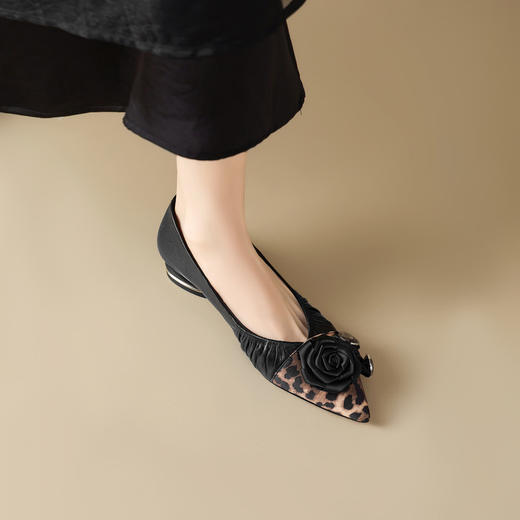 【预售5天】尖头浅口时尚山茶花低跟鞋，百搭性感豹纹拼接单鞋YS&0388 商品图1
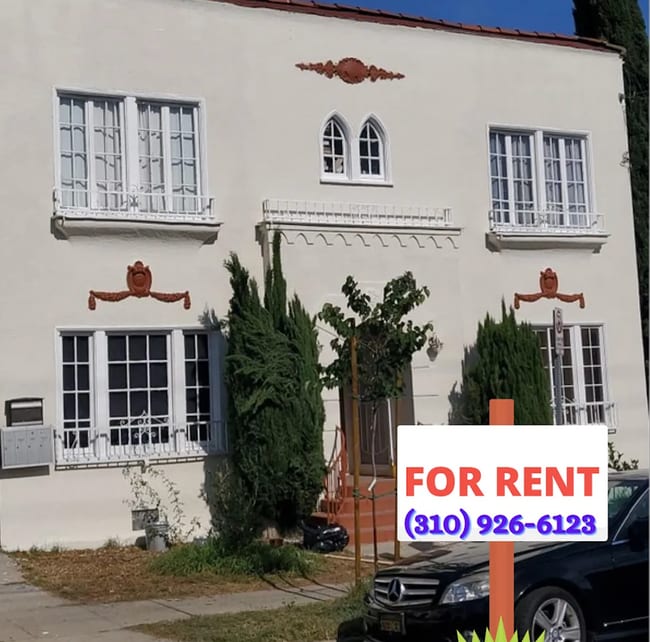 Building Photo - 2006 N Commonwealth Ave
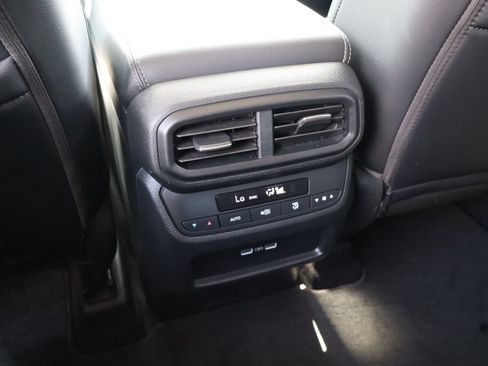 Used 2023 Honda Pilot Touring image 39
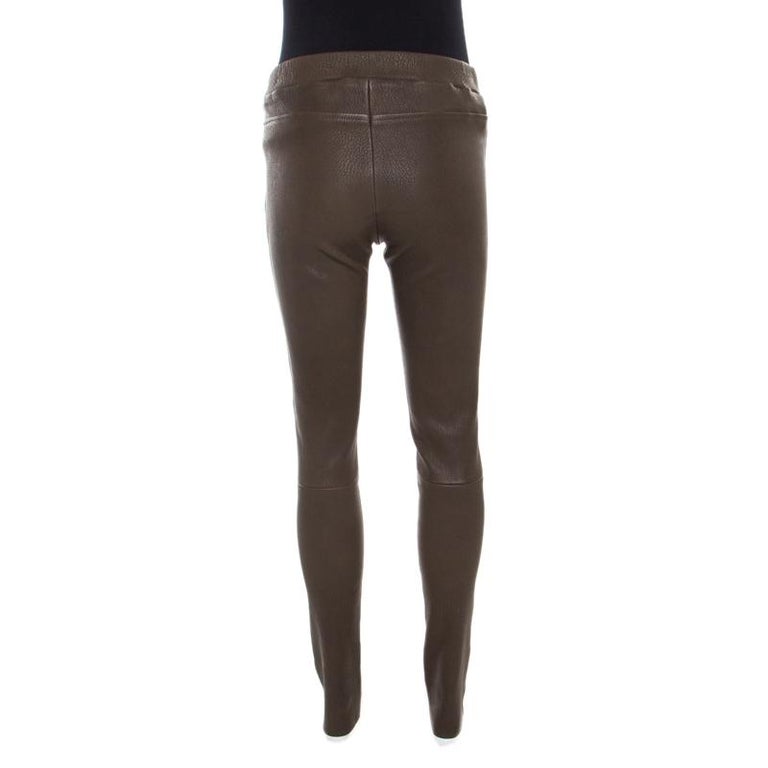 Louis Vuitton Olive Green Textured Lamb Leather Pants M For Sale at 1stdibs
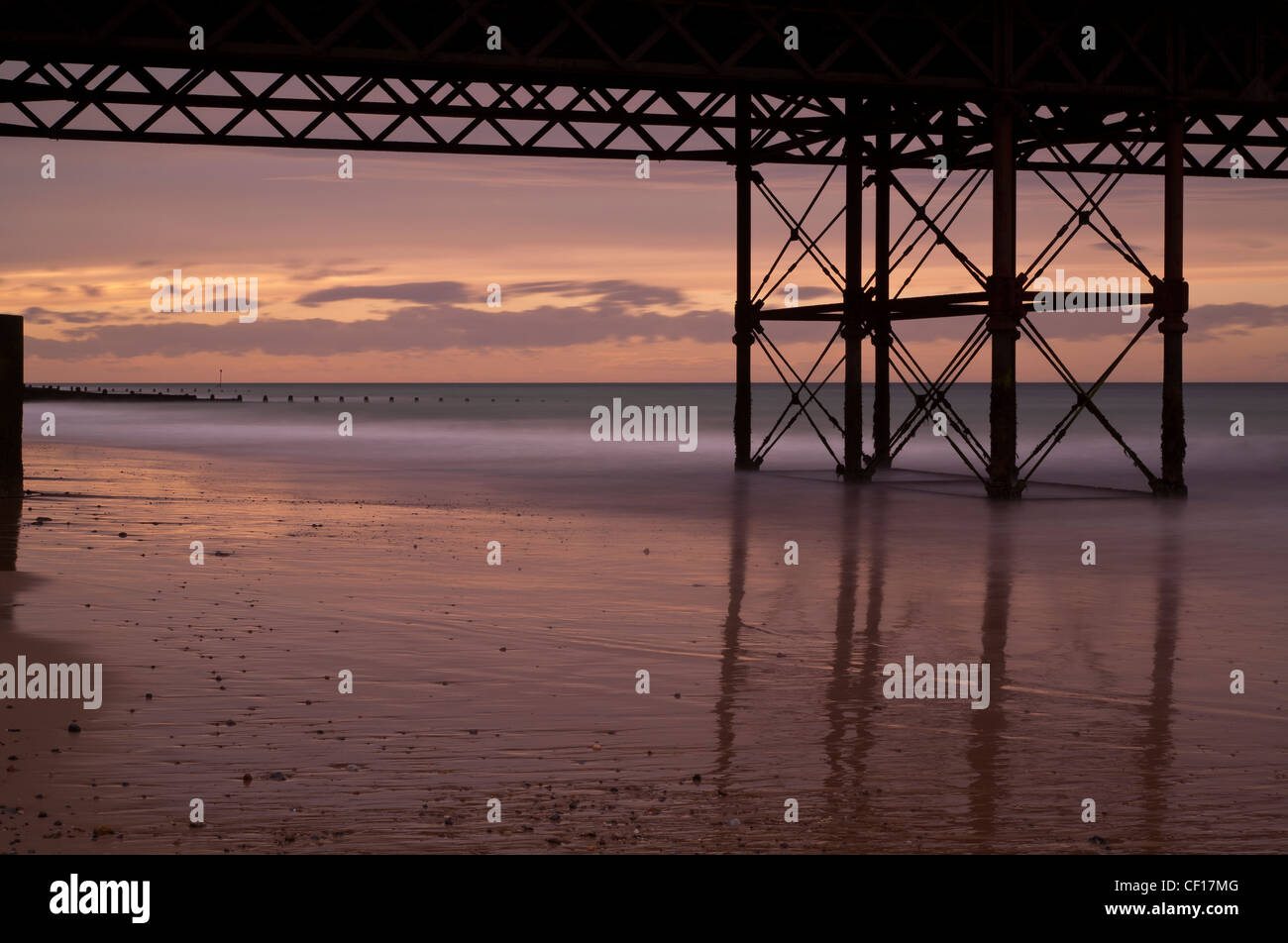 Sonnenuntergang unter Cromer Pier, Norfolk, Großbritannien Stockfoto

--- --- ---

- _EXERCISE_
Without the pictures, print the records in full, exactly as they appear.

- _PROBLEM SOLUTION_
 【预售5天】尖头浅口时尚山茶花低跟鞋，百搭性感豹纹拼接单鞋YS&0388 商品图1
 Building Photo - 2006 N Commonwealth Ave
 Used 2023 Honda Pilot Touring image 39
 Louis Vuitton Olive Green Textured Lamb Leather Pants M For Sale at 1stdibs
 Sonnenuntergang unter Cromer Pier, Norfolk, Großbritannien Stockfoto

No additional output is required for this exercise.